Le strada del Natale che abbiamo perso

«N copp'a la neve
pedate a fila a fila,
lupe e cristiane pe la via d'Ascise»
«Andare a l’Ascise» era, a Castropignano, il nome del pellegrinaggio al luogo dove fu ammansito il lupo. Suggestivo, Ascise evoca ascesi, come scrisse Dante quando ideò che Assisi dovesse avere invece Oriente come nome: v’era nato un sole. Ma l’Oriente è ancora fonte e simbolo di luce? E sono ancora nitidamente «a fila a fila» e non invece caos disumano, le orme che noi oggi, lupi spietati, lasciamo insanguinate nella neve?

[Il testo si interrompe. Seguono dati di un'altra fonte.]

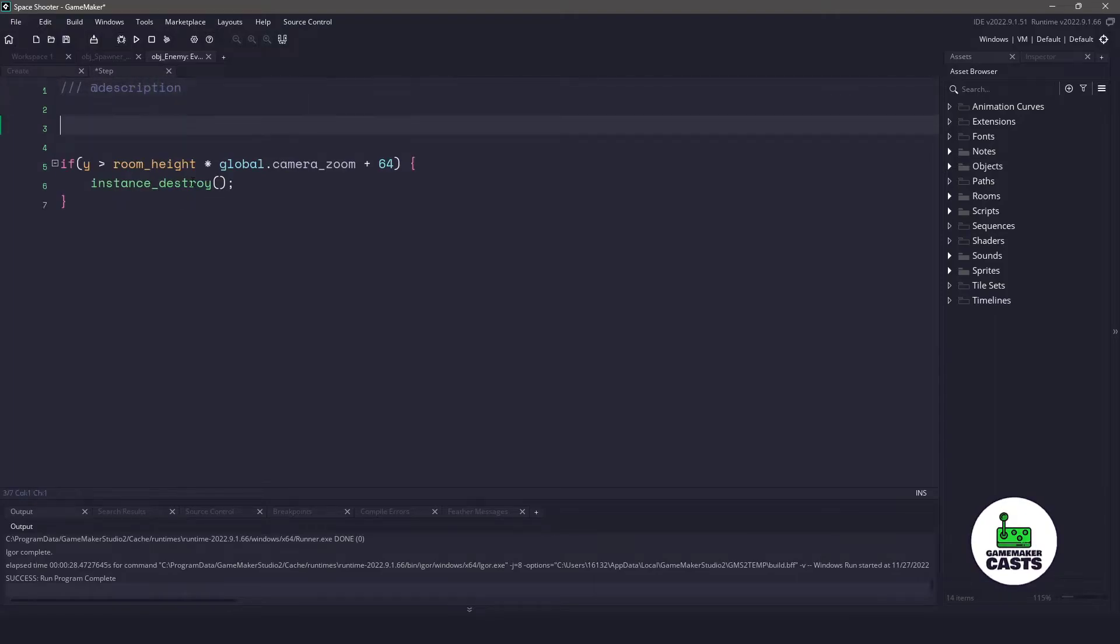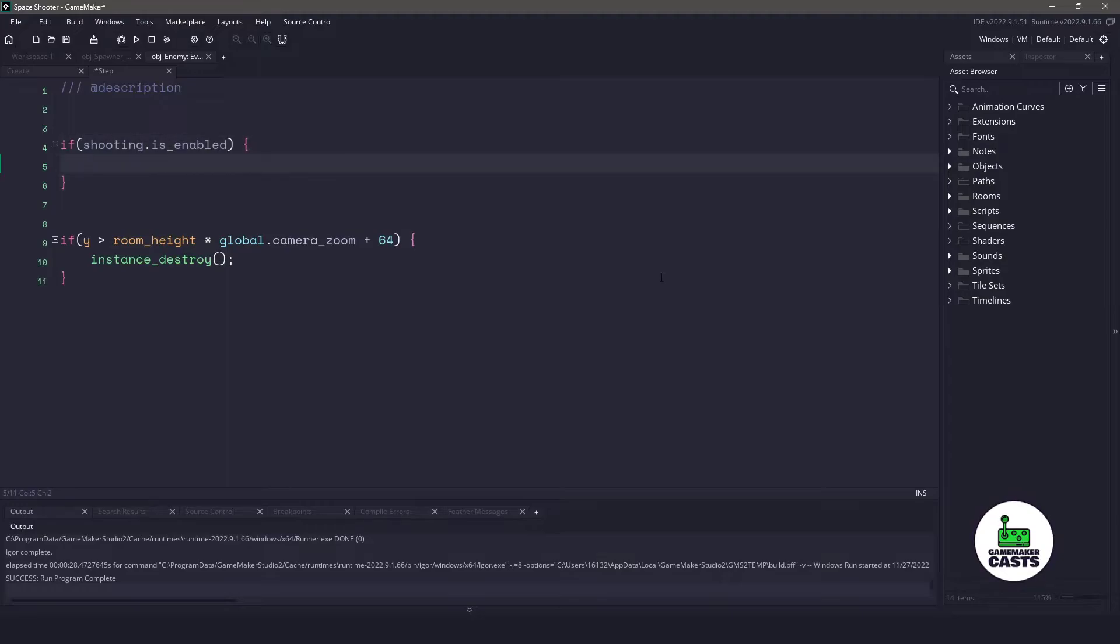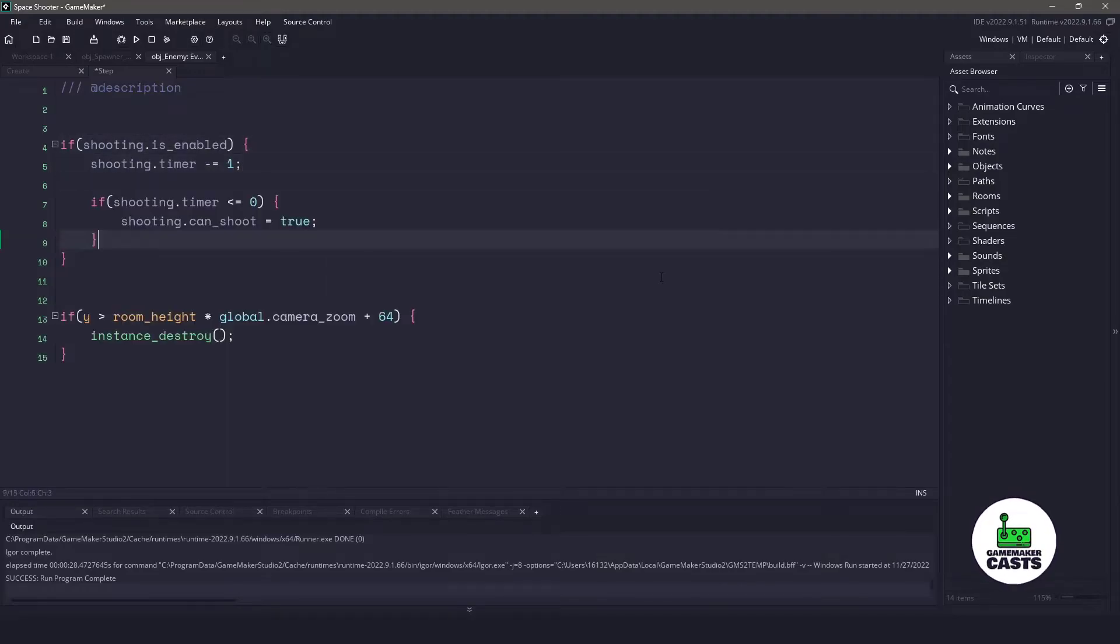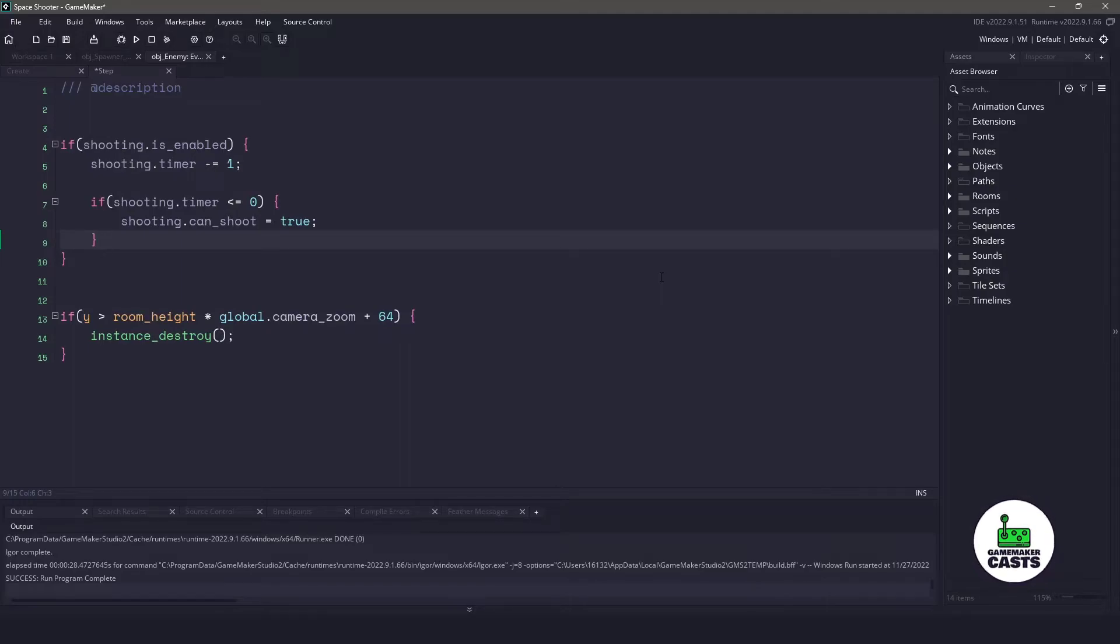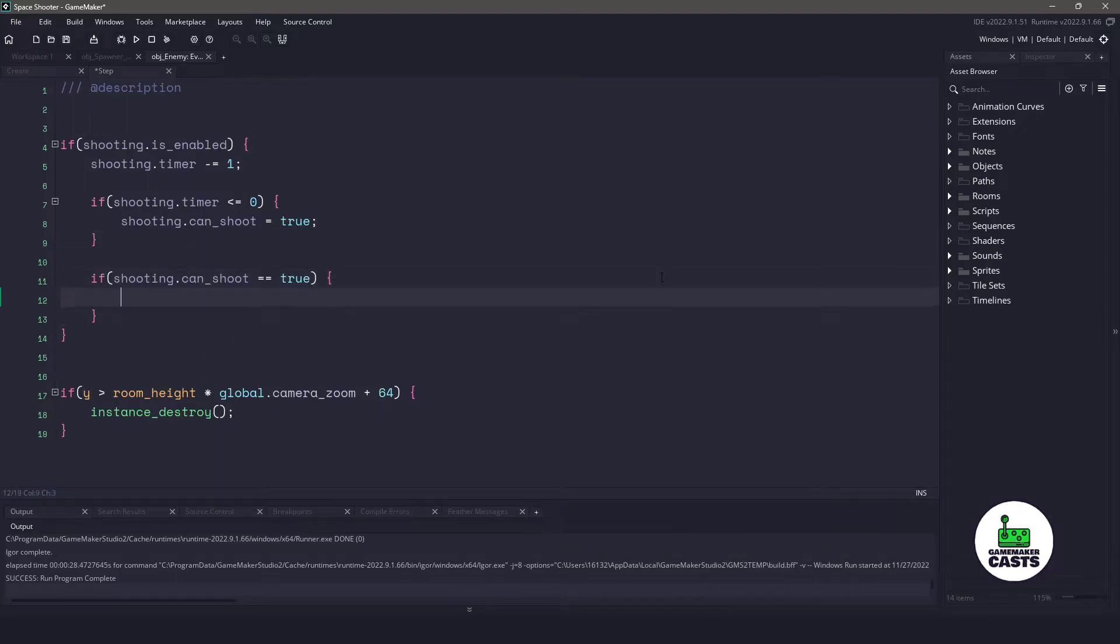I'm going to add this near the top instead of underneath our if statement. I'm going to make sure that we are enabled to shoot. And if we are enabled, let's make sure we take one away from our timer. Now we need to test that timer to see if the timer is less than or equal to zero. If it is, then let's enable our shooting variable, can shoot. Now let's test that can shoot variable. And if that can shoot variable equals true...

Di questi tempi all’Ascise si incammina, anzi, si marcia per altri e ideologici motivi. E i lupi non si ammansiscono, caso mai si aizzano. Però i versi che ha voluto regalare ai lettori sono molto belli e toccante è l’atmosfera che evocano. Sembra quasi di vederli, lupi e «cristiani», mettersi in cammino nella neve, passo passo, per la via di Assisi. Illudiamoci, almeno oggi, che possa ancora essere così. Torna facile dire, caro Ciriese, che quelli che viviamo sono tempi brutti. Ma non erano rose e fiori - diversi sì, ma non rose e fiori - quelli dei molisani di Castropignano che in un passato che sentiamo remotissimo pellegrinavano ad Assisi. Ma a differenza del nostro, il loro era un mondo che non aveva fatto del cinismo, spocchiosetto e illuminista, la regola di vita. Un cinismo che si pretende di temperare con l’«impegno nel sociale», col pacifismo utopico, con il commercio equo&solidale, col turismo consapevole e lo sviluppo sostenibile. La chincaglieria dell’animo.
Abbiamo perduto - a dir la verità ce lo siamo voluto strappare furiosamente di dosso - il senso del trascendente nell’illusione che il razionalismo, che la dea Ragione potesse non solo colmare il vuoto, ma sovrabbondarlo. E così ci siamo preclusi la meraviglia, lo stupore, il mistero e la bellezza di tutto ciò che attiene alla sfera spirituale. Come quelle «pedate a fila a fila’n copp’a la neve» lungo la «via dell’Ascise», orme lasciate non per distinguere un «impegno», una testimonianza più o meno «forte», come oggi sarebbe di rigore.

Ma che rispondono solo ad un moto dell’anima, tant’è che come recita l’ultimo verso, «Passa la maiellese», il vento della Maiella, «e le scancella».
Un sereno Santo Natale, caro Cirese, e un sereno Santo Natale a voi, lettori carissimi.